Thankyou all for your helpful replies! I'm in awe of anybody who can work full time AND look after horses / children / sheep / chickens etc at the same time, but incredibly some of you seem to be managing to do just that!
The issue is not so much commitment, but how we get to the point where we
can give a smallholding the commitment it needs (i.e. can we go for it now and build up, or must we wait until we have saved enough cash to 'downshift' immediately).
Egglady - that's a very good suggestion to try to live off one salary, and in fact we've been doing that for some time whilst we save up for a house deposit. The issue is that one salary alone is unlikely to both sustain us AND pay the mortgage.
Let's take
Longcarse as an example (apologies to Rosemary and Dan - hope you don't mind me using your home as an example!). If we were able to buy for say £300K, plus £9K stamp duty, plus £4K moving / legal costs, that's £313K in total. Let's also say that we had been saving for long enough to put up a 25% deposit (

). That leaves a mortgage of £235K, which would cost around £1200 per month (25yr repayment, 3.75%). Unfortunately, that's just not going to happen with only one wage, even if we were able to produce all our own food for free!!
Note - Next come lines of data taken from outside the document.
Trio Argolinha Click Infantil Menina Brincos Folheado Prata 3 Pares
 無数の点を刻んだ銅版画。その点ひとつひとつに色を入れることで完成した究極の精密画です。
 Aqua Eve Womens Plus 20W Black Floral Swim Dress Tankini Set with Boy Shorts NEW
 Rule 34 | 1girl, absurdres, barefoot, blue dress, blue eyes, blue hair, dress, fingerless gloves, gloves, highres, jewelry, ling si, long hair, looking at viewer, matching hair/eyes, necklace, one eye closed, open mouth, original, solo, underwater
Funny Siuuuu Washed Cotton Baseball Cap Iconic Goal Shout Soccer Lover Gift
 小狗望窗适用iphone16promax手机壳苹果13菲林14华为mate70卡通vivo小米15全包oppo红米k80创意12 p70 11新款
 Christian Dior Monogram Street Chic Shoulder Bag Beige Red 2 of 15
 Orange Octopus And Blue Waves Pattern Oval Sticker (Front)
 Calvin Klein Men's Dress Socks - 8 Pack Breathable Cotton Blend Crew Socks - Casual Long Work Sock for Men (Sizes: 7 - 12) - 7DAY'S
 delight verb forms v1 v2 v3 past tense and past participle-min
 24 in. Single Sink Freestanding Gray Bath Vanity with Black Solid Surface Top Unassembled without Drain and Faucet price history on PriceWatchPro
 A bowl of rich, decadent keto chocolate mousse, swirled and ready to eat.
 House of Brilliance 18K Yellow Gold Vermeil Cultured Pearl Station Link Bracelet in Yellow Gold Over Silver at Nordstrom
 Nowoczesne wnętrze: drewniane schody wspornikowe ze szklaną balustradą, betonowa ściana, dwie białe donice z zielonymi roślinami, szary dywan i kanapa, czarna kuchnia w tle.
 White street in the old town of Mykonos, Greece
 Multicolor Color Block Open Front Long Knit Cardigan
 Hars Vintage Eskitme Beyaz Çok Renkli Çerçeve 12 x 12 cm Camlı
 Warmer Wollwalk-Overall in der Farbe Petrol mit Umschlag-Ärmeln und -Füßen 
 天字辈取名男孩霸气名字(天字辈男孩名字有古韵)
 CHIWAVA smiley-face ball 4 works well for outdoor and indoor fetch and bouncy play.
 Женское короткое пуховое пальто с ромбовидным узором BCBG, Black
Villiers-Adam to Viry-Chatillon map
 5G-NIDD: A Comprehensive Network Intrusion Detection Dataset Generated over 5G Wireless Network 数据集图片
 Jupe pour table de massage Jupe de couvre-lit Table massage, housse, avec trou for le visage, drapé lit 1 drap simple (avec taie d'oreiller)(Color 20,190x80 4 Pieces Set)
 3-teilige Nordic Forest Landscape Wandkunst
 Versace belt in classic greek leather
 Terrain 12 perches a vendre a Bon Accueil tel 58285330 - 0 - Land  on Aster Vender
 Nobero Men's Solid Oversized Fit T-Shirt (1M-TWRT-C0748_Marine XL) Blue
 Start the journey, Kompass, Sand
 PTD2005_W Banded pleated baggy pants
So, that's where we're left. Do we buy a 3 bed semi and save and dream for ten years, or do we go for the smallholding now and aim to build it up slowly. My hope is that even if we ended up playing host to somebody else's sheep for a few years to keep the grass down, we should be able to transition to the life we want eventually.
I say you should bite the bullet sooner rather than later.
Yes Beth, I think you could be right!

Thanks again for all the encouragement folks!